Governor Chris Christie, who has called the leaders of New Jersey’s teachers’ union “political thugs,” urged Harvard University students to disrupt school systems that protect incompetence at the expense of children.
“There are now smoldering around the country the embers of revolution” in public schools, Christie said today in a speech at the Ivy League institution’s Graduate School of Education in Cambridge, Massachusetts. “The need for revolutionary change is as appropriate as anything in public life today.”
The first-term Republican, whose proposals to change government pension and benefit plans sparked a surge in teacher retirements last year, spoke to a packed 270-seat auditorium and three satellite rooms around the campus. Christie, 48, has said 2011 will be “the year of education reform” as he pushes to change tenure, link teacher pay to performance and make it easier to fire educators deemed ineffective.
“We have an education system that is set up for the ease, comfort and security of those who operate it,” Christie said, urging his audience, many of whom may become leaders of schools, to be “disrupters.” He said they should disrupt “fat, rich and entitled unions” because that’s what’s needed to fix U.S. public schools.
“If you don’t do it we’ve got no hope,” the governor said. “If you’re unwilling to do it, we’re sunk, because you have less to lose than anybody. Take chances. Take a little risk.” Christie received a standing ovation.
‘Powerful’ Remarks
“There are a lot of things that he said that are really powerful,” said Julia Stuart, 29, a master’s degree candidate from Monterey, California. “People really want to see what’s going to happen. A large majority are in agreement that these are the problems.”
New Jersey spends $17,620 per pupil annually, more than any other U.S. state, yet more than 100,000 students are trapped in failing schools, Christie has said. Stuart
“Money is not the answer to that problem,” Christie said in his remarks. “New Jersey is the laboratory that proves that.”
While New Jersey has 150,000 teachers, just 17 have been removed for incompetence in the past decade, he has said, blaming tenure rules. The New Jersey Education Association, the union representing 200,000 current and retired school employees, spent $6.6 million on broadcast advertising last year, the most of any state lobbying group, according to the Election Law Enforcement Commission in Trenton.

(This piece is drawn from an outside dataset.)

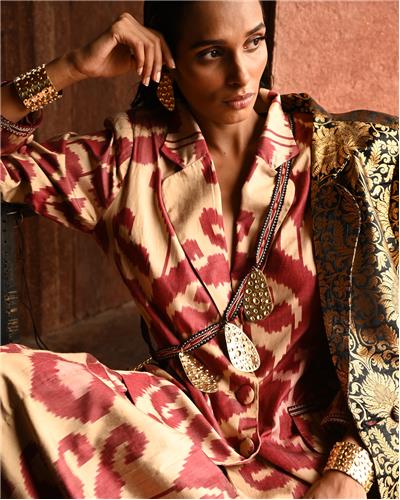 Amorphous - Christine Bekaert 'SILKROADS'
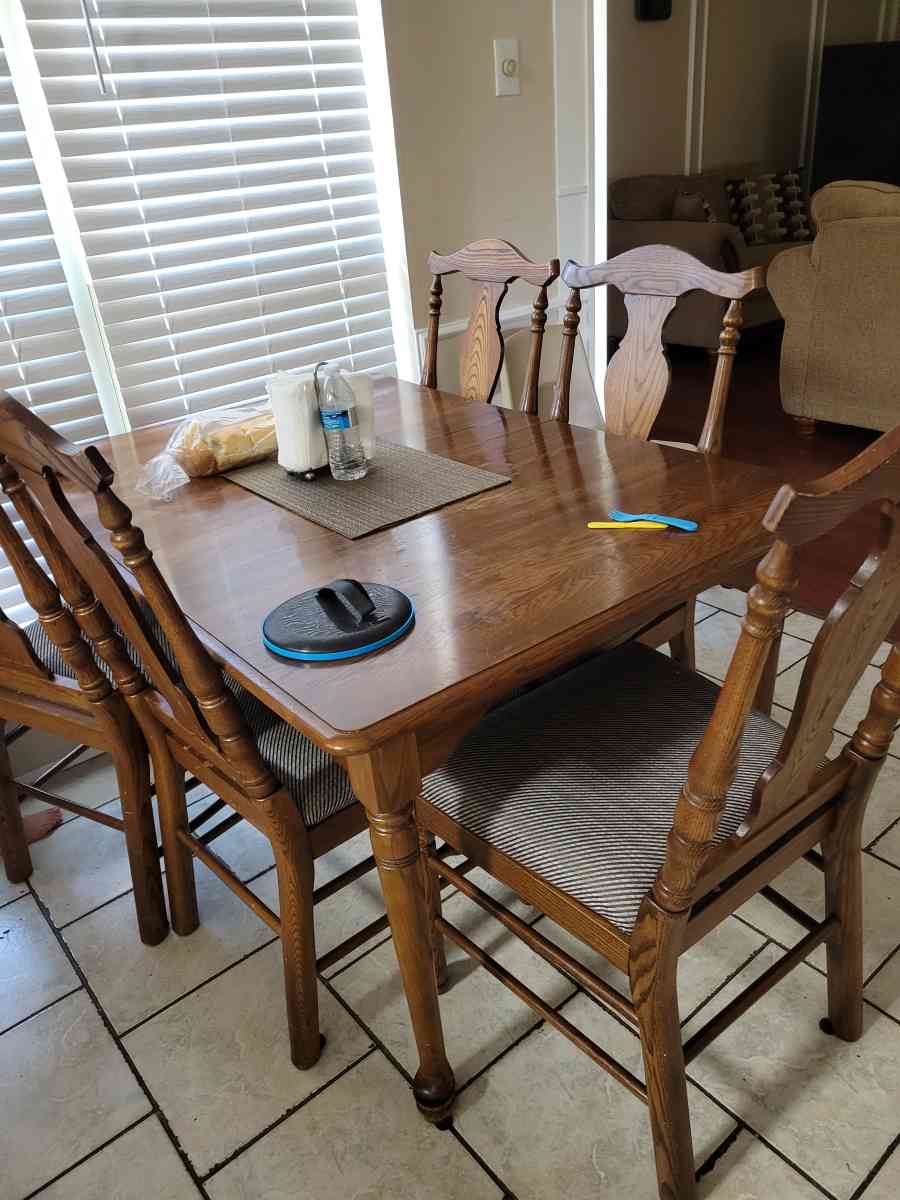 dinner table - Dallas, Texas - FleaMarketBay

Many ads attacked Christie.
Union ‘Thugs’
Christie likened leaders of the state teachers’ union to “a bunch of political thugs” in an ABC News interview this month with Diane Sawyer.

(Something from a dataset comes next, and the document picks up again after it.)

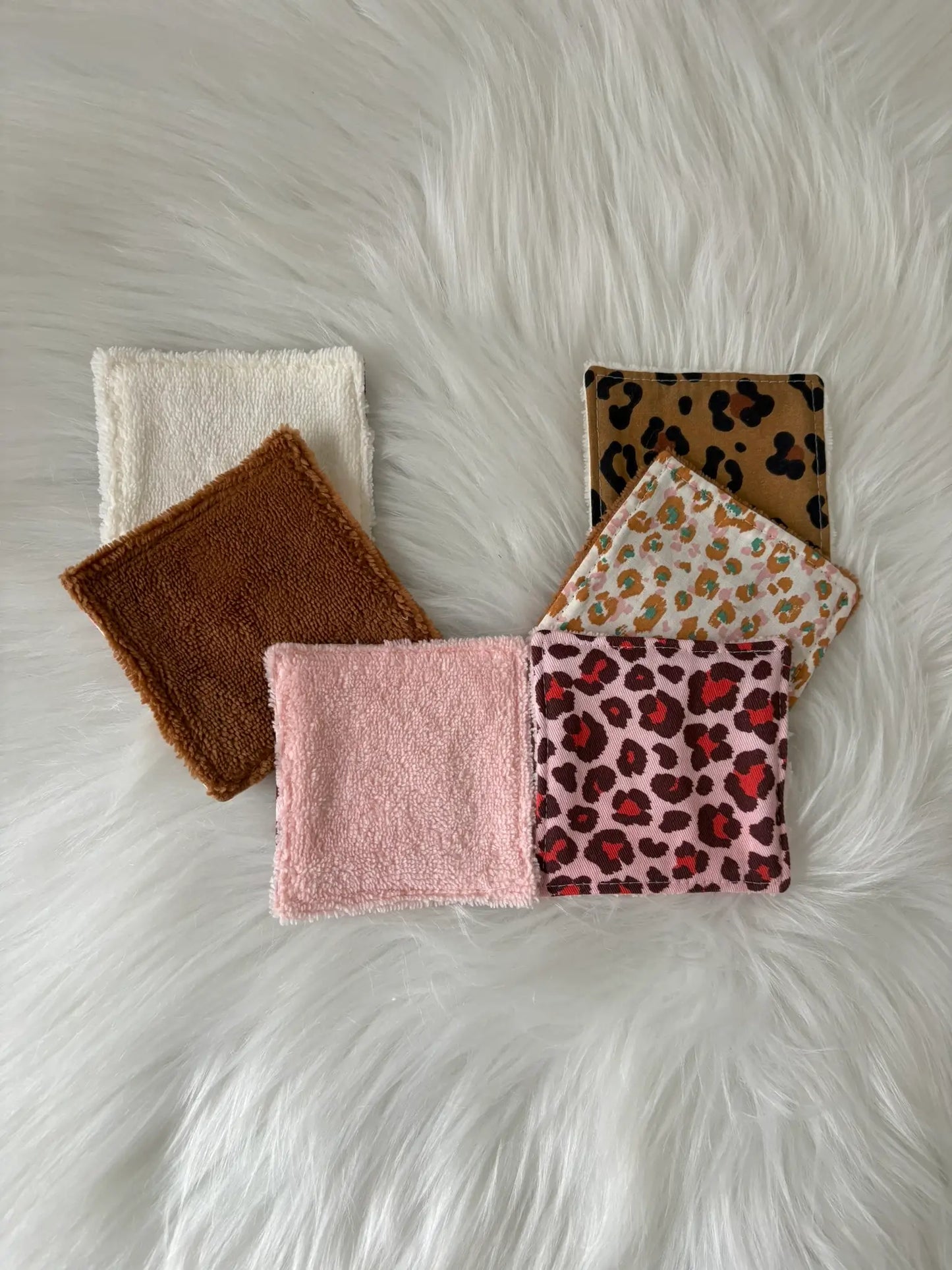 Collection de lingettes démaquillantes carrées aux motifs léopards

“The reason I’m engaged in this fight with the teachers’ unions is because it is the only fight worth having,” Christie said to applause from his Harvard audience. He said that he has tried to focus his attacks on a system that protects poor- performing teachers instead of favoring students.
“I am prepared to ratchet down the rhetoric,” if the teachers’ union gives him an indication that they are willing to compromise, Christie said. Teacher retirements surged 95 percent last year, the largest increase of any government group, according to state Treasury Department data.
This week, New Jersey voters approved 80 percent of school budgets. A year earlier, they rejected a record 59 percent of the spending plans as Christie urged them to do so in districts where teachers had refused to accept wage freezes.
Not ‘Condoning’ Views
“I’m in no way condoning every aspect of Christie’s agenda, but he’s at least putting himself out there and I respect that,” David Donaldson, the student who invited the governor to speak, said in a telephone interview.
Donaldson, 26, is head of the Education Policy and Management Student Association speaker series at Harvard, the oldest and richest U.S. university. Other speakers this year include Randi Weingarten, president of the American Federation of Teachers, and former Florida Governor Jeb Bush.
The typical speaker event attracts about 125 people, Donaldson said. More than 400 were expected at Christie’s speech, he said.
“Christie is among the most prominent governors when it comes to education issues,” said Michael Rodman, a spokesman for the graduate school. “Certainly he’s controversial but we welcome controversy and we think his ideas should be discussed and debated.”